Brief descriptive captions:
☆ ☆ ☆ ☆

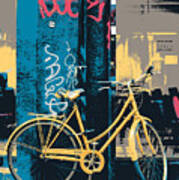 Brick Lane Bicycle Poster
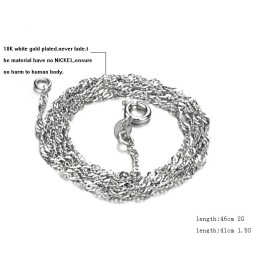 Chaîne En Titane Plaqué Platine Pour Femme, Facile À Utiliser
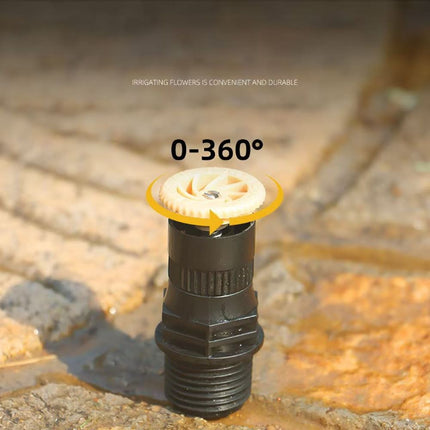 Adjustable Garden Watering Kit with Spike & Mist Nozzles for Lawn & Plants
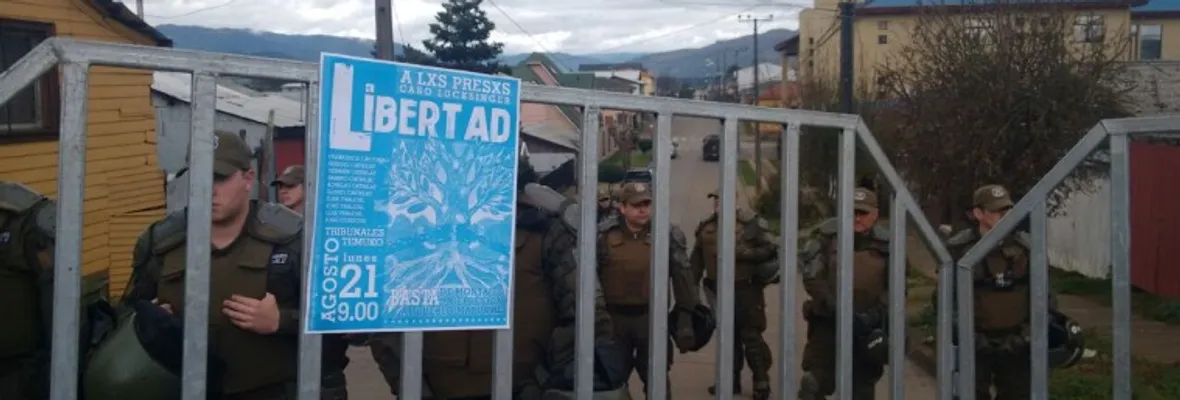 Con fuerte contingente policial dictan sentencia contra los comuneros mapuche del caso Cuyinpalihue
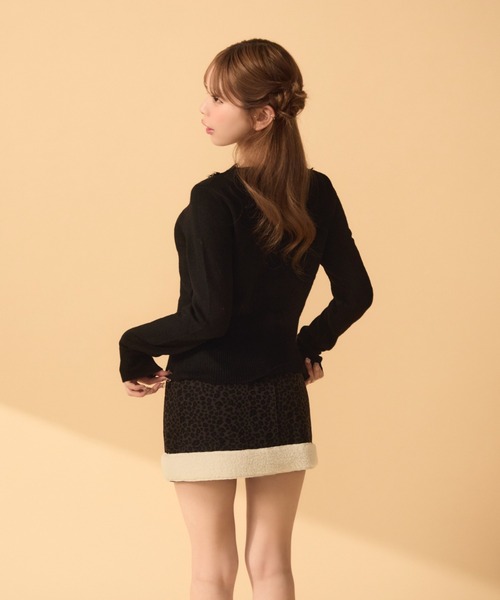 TITTY&CO.(ティティーアンドコー)の「レースカーディガン(カーディガン/ボレロ・レディース・ブラック/ベージュ/ブルー/ラベンダー・FREE)」の8枚目の写真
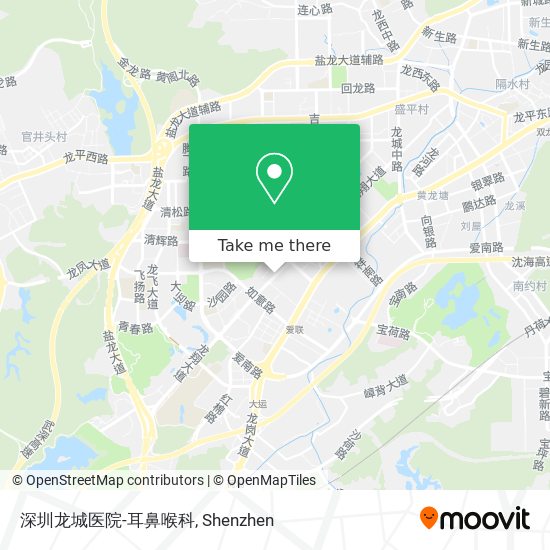 深圳龙城医院-耳鼻喉科 map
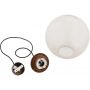 Lampa wisząca 1x12 W różowa-brązowa 8829 Argon Sacramento zdj.11
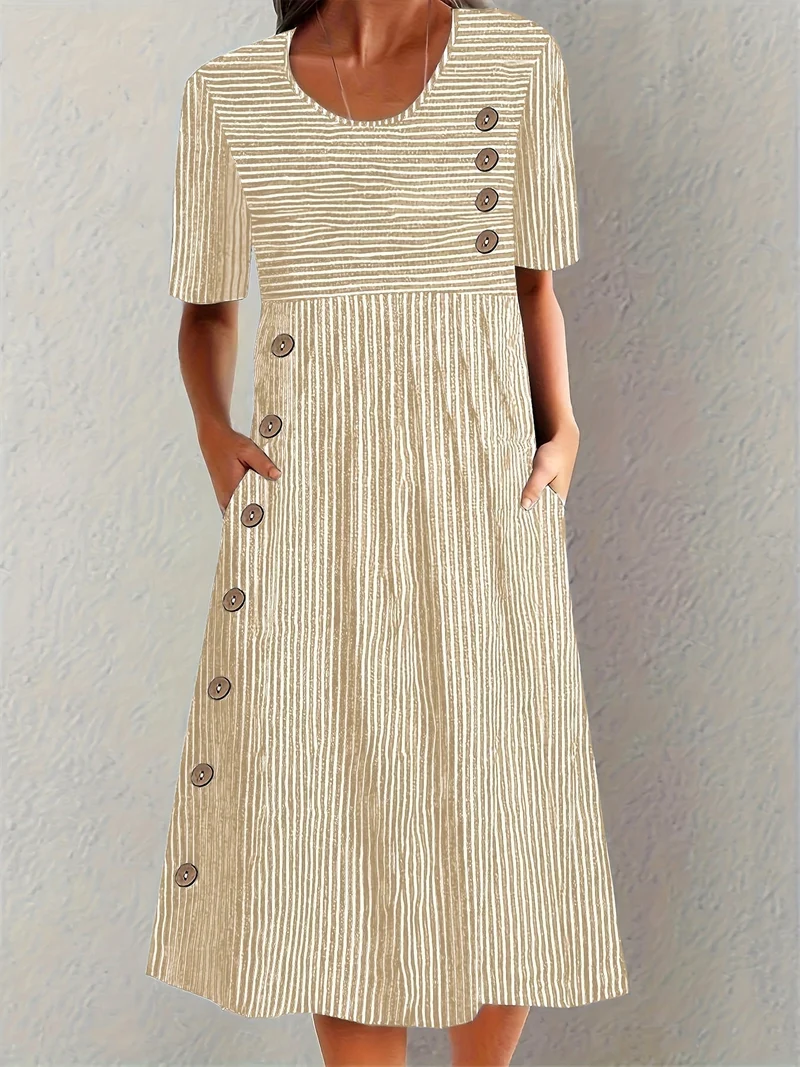Betina™ - Gestreiftes Sommerkleid
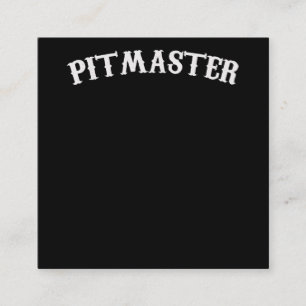 BBQ BBQ Pitmaster Chef Dad Fars Day Square Business Card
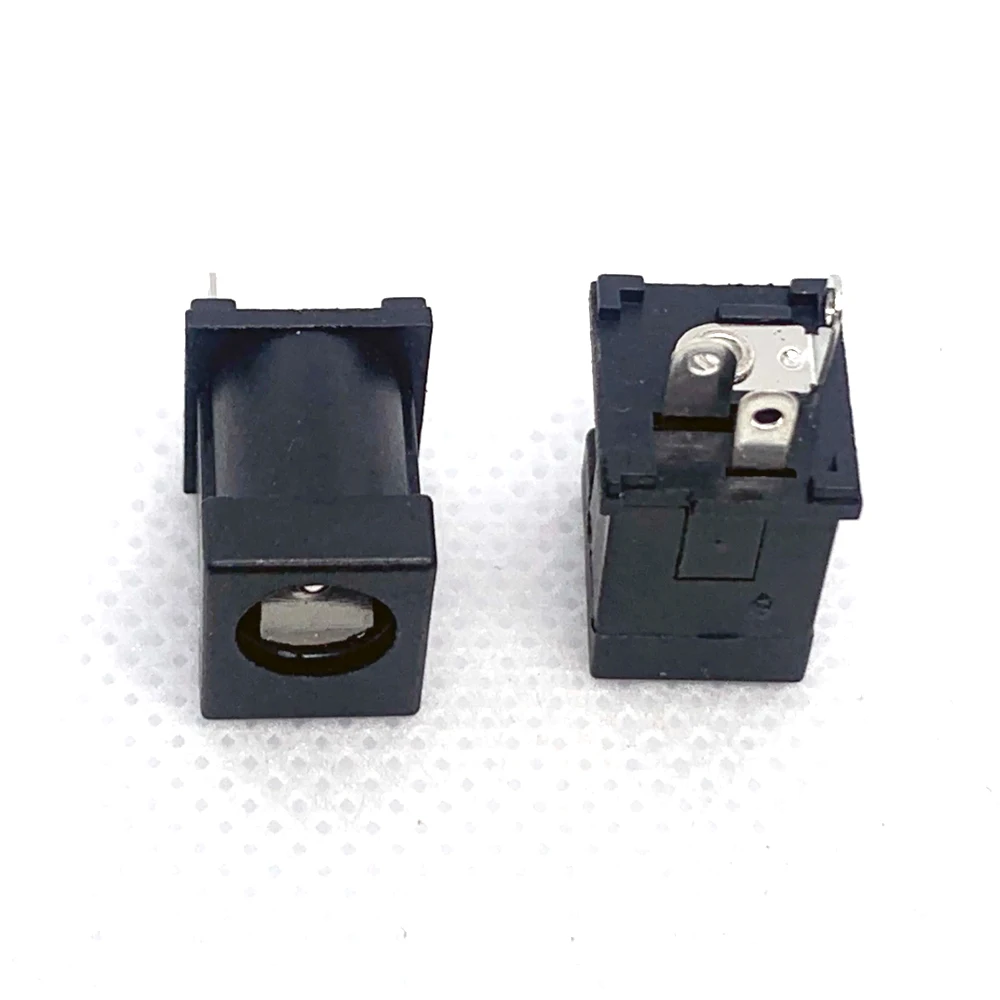 

100PCS DC-012A Vertical DC Power Socket Female Connector Jack For 5.5×2.1mm 5.5×2.5mm DC Power Plug DC012A 5.5*2.5mm 180 Degree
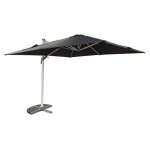 Amicasa - Ombrellone Amicasa LUNA Bianco e Grigio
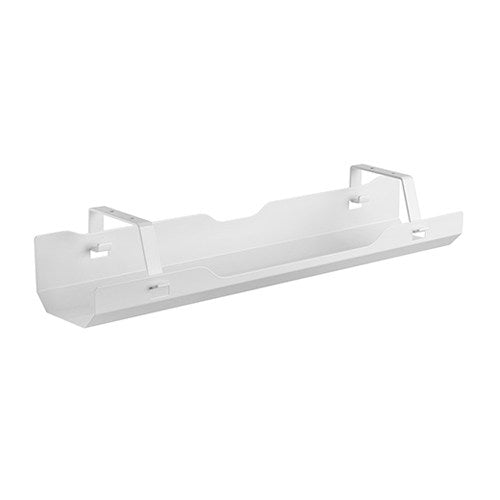 Brateck Under-Desk Cable Management Tray - Dimensions:600x135x108mm - White CC11-4-W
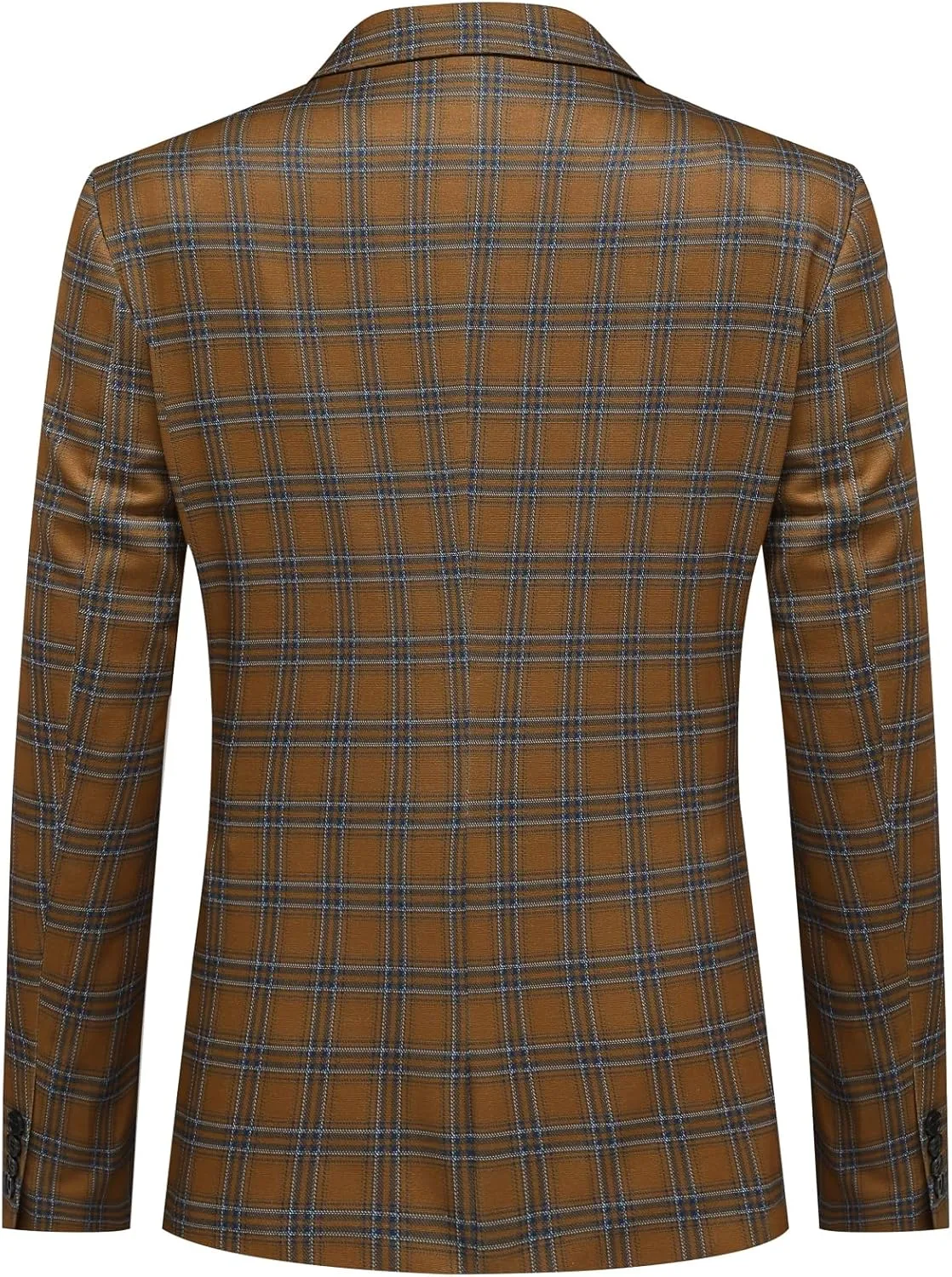 Iynnijoy Mens 2 Piece Slim Fit Suit Casual Plaid Tuxedo Suit for Men Party Wedding Business Dress Suit Set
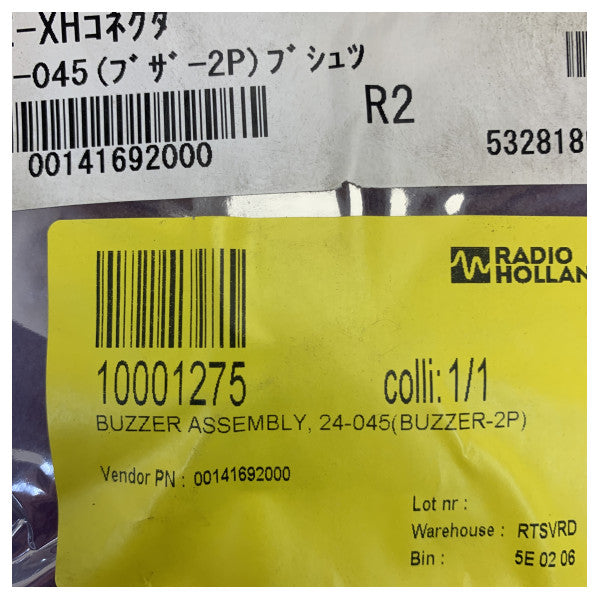 Furuno buzzer-enhed 24-045 (BUZZER-2P) marineelektronik-alarm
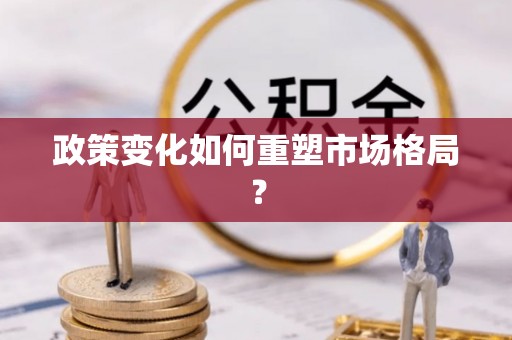 石楼政策变化如何重塑市场格局？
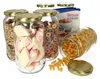 6er Set Einkochgläser 1062ml Rundglas gold Deckel Produktbild-Vorschau 1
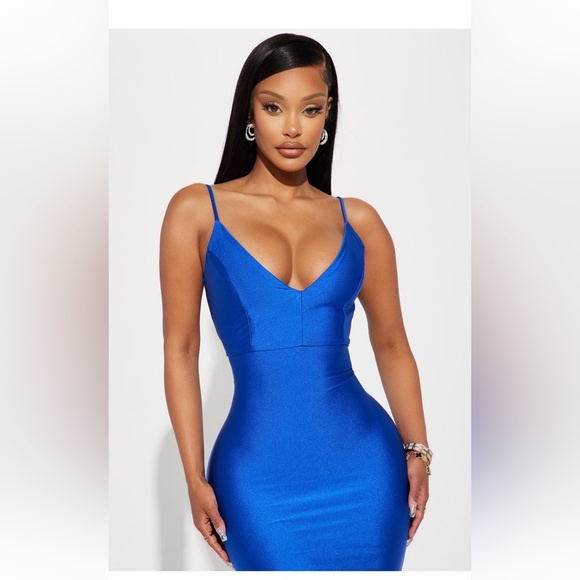 Walk Behind Me Maxi Dress - Royal - Picture 2 of 6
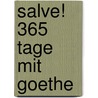 Salve! 365 Tage mit Goethe door Von Johann Wolfgang Goethe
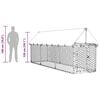 vidaXL Outdoor Dog Kennel with Roof 400x100x150 cm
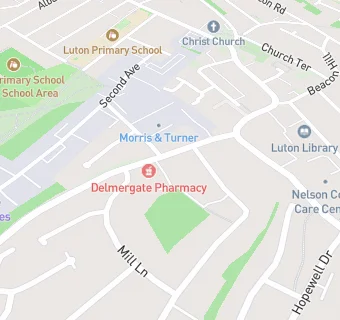 map for Street End Pharmacy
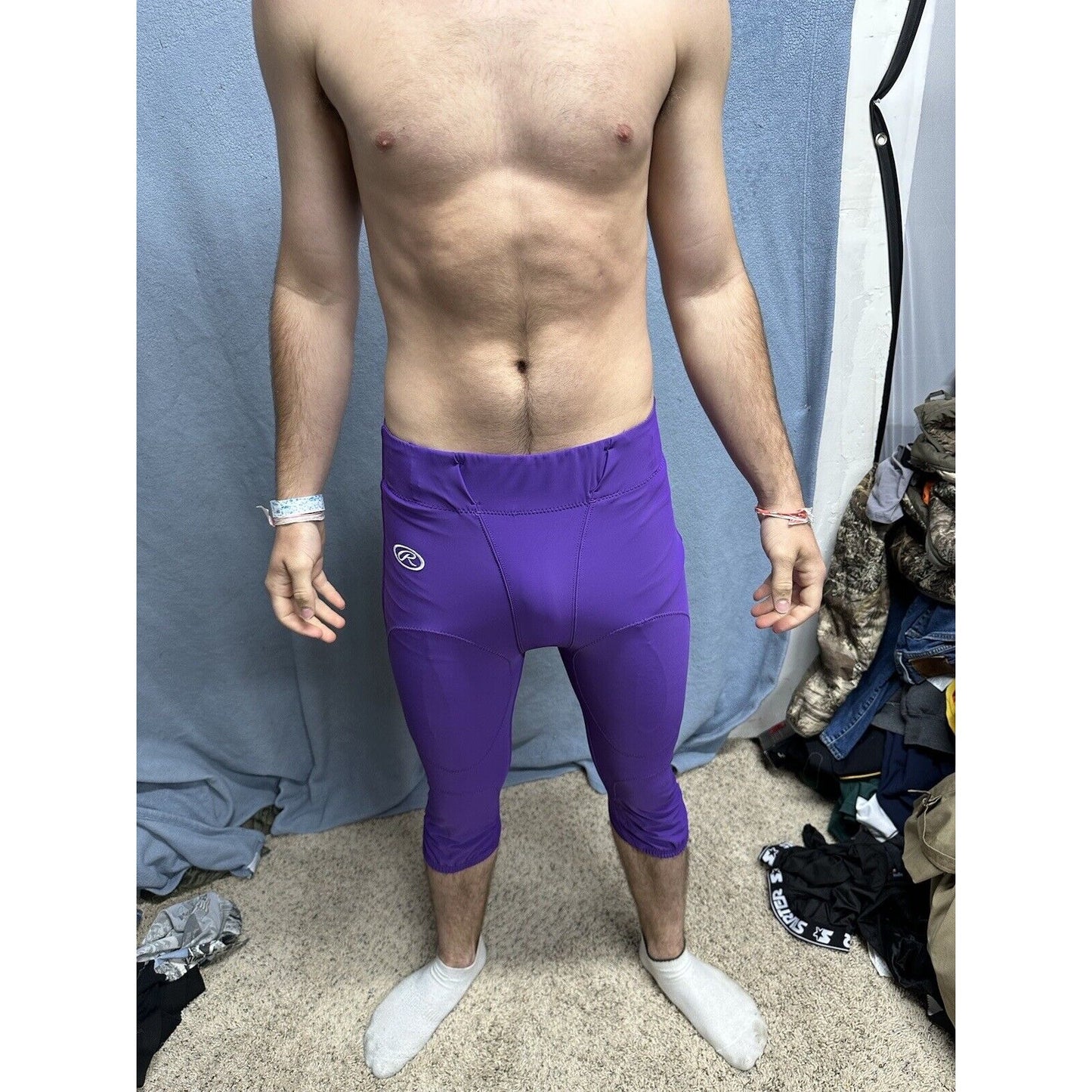 Men’s Rawlings Football Pants Medium Purple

☆ ☆ ☆ ☆

▶ [Problem requirements]:
Copy the lines above between the one holding "6er Set Einkochgläser" and the one holding "map for Street End Pharmacy", inclusive. Drop the pictures.

▶ [Exercise answer]:
 6er Set Einkochgläser 1062ml Rundglas gold Deckel Produktbild-Vorschau 1
 Walk Behind Me Maxi Dress - Royal - Picture 2 of 6
 Salve! 365 Tage mit Goethe door Von Johann Wolfgang Goethe
 vidaXL Outdoor Dog Kennel with Roof 400x100x150 cm
 map for Street End Pharmacy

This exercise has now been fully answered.